Processing incomplete aggregations
My simple aggregation function, which has been the same since Part 1 looks like this:
func Strategy(evt *SecurityNotification, s Aggregation) (*AggregateNotification, Aggregation) {
s = append(s, evt)
if len(s) == 3 OR evt.PRIORITY == HIGH {
return &AggregateNotification{
Notifications: s,
}, nil
}
return nil, s
}
This emits a notification if it receives 3 notifications, or if the event it receives is HIGH priority.
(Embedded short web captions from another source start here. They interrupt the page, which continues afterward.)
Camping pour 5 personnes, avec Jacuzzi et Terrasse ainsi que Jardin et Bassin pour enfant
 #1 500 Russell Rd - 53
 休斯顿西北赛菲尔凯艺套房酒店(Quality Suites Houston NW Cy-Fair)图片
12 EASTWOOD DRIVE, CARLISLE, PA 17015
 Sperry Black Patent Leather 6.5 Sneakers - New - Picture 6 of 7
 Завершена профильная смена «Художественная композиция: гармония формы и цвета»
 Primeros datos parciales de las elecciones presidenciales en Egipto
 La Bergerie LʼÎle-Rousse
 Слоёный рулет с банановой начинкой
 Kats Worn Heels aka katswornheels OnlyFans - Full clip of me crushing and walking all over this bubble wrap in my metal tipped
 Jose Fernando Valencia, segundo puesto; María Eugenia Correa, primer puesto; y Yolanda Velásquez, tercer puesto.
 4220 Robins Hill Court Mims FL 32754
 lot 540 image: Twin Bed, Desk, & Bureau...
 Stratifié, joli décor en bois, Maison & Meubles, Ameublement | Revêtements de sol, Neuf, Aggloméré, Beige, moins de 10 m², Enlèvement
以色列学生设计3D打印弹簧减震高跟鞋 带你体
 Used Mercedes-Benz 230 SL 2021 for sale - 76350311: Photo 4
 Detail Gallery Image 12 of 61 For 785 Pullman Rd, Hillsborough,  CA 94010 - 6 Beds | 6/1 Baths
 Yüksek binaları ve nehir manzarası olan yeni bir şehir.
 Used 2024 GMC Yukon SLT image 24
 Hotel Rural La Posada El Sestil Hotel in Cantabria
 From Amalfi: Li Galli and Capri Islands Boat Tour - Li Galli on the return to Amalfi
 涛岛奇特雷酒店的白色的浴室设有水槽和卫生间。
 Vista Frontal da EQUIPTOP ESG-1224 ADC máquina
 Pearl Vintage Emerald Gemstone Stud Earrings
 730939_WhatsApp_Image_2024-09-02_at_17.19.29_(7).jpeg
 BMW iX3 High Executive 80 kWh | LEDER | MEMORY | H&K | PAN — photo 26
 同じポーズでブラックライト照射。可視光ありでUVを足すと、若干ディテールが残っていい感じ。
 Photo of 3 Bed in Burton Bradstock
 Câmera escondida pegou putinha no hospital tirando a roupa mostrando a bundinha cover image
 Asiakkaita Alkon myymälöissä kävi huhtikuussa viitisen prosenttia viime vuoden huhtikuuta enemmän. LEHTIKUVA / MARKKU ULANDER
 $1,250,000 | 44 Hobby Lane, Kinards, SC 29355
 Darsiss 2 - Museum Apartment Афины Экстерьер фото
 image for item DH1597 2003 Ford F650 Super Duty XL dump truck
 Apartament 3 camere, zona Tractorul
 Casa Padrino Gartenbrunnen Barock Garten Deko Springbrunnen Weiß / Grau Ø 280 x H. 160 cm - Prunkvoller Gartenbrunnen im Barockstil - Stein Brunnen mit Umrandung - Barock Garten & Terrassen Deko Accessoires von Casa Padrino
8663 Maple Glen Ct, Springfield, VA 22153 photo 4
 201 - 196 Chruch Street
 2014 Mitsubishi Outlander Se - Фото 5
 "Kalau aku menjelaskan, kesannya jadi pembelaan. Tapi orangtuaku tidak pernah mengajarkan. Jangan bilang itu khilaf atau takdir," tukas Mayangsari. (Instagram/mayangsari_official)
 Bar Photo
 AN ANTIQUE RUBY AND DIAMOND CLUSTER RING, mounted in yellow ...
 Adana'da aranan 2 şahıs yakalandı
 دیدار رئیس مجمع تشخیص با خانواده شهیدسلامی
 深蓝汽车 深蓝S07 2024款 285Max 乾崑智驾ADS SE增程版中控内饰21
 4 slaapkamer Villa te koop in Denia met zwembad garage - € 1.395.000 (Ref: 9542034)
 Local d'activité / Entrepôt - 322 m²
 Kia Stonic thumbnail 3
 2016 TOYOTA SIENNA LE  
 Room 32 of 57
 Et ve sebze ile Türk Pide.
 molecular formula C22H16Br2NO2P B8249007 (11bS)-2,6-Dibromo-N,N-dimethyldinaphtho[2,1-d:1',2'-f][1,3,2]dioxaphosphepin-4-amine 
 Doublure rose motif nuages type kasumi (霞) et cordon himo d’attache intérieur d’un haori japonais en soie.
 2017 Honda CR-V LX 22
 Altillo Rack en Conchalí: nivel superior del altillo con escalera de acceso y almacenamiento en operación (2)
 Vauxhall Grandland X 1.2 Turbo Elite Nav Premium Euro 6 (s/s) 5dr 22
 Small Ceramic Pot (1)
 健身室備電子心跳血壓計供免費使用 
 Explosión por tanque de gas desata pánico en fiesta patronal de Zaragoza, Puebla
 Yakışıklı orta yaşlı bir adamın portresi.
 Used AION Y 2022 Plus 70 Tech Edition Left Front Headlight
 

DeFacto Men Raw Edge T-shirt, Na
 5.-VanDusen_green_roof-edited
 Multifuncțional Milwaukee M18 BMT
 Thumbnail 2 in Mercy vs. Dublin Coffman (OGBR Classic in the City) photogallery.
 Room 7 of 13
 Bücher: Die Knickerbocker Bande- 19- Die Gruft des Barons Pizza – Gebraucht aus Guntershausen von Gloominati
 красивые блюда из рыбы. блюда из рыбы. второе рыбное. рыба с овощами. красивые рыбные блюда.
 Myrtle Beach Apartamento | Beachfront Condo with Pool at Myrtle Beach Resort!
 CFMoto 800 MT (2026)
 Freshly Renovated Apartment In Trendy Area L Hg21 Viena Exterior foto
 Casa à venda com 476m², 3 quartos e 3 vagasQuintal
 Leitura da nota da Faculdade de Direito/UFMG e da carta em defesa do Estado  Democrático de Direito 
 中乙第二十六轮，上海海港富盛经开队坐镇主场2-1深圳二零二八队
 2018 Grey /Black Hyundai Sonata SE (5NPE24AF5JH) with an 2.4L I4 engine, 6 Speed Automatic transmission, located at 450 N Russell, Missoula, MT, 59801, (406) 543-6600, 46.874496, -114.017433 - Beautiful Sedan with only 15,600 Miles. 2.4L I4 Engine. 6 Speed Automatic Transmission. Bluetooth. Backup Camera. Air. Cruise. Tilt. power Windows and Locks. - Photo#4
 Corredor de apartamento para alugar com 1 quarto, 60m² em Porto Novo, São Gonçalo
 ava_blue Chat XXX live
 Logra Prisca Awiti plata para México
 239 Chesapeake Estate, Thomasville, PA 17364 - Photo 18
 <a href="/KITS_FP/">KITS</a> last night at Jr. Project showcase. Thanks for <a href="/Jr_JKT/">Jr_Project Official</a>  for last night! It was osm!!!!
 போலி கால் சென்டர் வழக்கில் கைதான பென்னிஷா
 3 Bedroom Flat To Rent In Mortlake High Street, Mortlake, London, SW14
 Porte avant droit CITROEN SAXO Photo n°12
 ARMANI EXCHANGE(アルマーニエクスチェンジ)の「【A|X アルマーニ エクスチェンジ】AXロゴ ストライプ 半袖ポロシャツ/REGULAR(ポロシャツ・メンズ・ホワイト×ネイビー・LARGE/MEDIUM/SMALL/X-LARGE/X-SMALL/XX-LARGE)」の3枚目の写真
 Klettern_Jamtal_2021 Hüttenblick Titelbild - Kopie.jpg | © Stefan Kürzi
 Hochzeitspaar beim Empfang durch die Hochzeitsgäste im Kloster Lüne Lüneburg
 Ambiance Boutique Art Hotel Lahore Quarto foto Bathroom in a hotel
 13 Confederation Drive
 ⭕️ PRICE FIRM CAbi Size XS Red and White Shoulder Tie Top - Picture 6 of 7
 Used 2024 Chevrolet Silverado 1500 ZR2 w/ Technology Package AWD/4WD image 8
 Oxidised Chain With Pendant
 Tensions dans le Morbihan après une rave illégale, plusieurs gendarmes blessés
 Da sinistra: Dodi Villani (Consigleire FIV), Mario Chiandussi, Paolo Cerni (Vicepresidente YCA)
This means I can have aggregations that are not complete, and may never complete, depending on your requirements, this might not be an issue, but for the purposes of this example, I’m going to say that I want a notification if there are unreleased notifications after three hours, there are lots of options here, it might be that incomplete aggregations should be deleted if they never complete, or perhaps not receiving an aggregation for a period is a notifiable error case.
First off, I need to make some changes to extend the model to make things a bit easier.
Extending the aggregation model
This requires some changes in the Aggregation
model I’ve been using since part 1.
type Aggregation struct {
Email string
LastUpdated time.Time
Notifications []*SecurityNotification
}
I could work out the LastUpdated
time by sorting the Timestamp
fields on the included notifications (I could do this for the Email
too), but this is a bit more explicit.
With this, I need to write the new business logic to handle what to do when checking an Aggregation
without an event.
func Strategy(evt *SecurityNotification, s *Aggregation) (*AggregateNotification, *Aggregation) {
s.Notifications = append(s.Notifications, evt)
if len(s.Notifications) == 3 || evt.Priority == HIGH {
return aggregationToNotification(s), nil
}
return nil, s
}
func StrategyWithoutNotification(s *Aggregation) (*AggregateNotification, *Aggregation) {
cutOffTime := clock().Add(time.Hour * -3)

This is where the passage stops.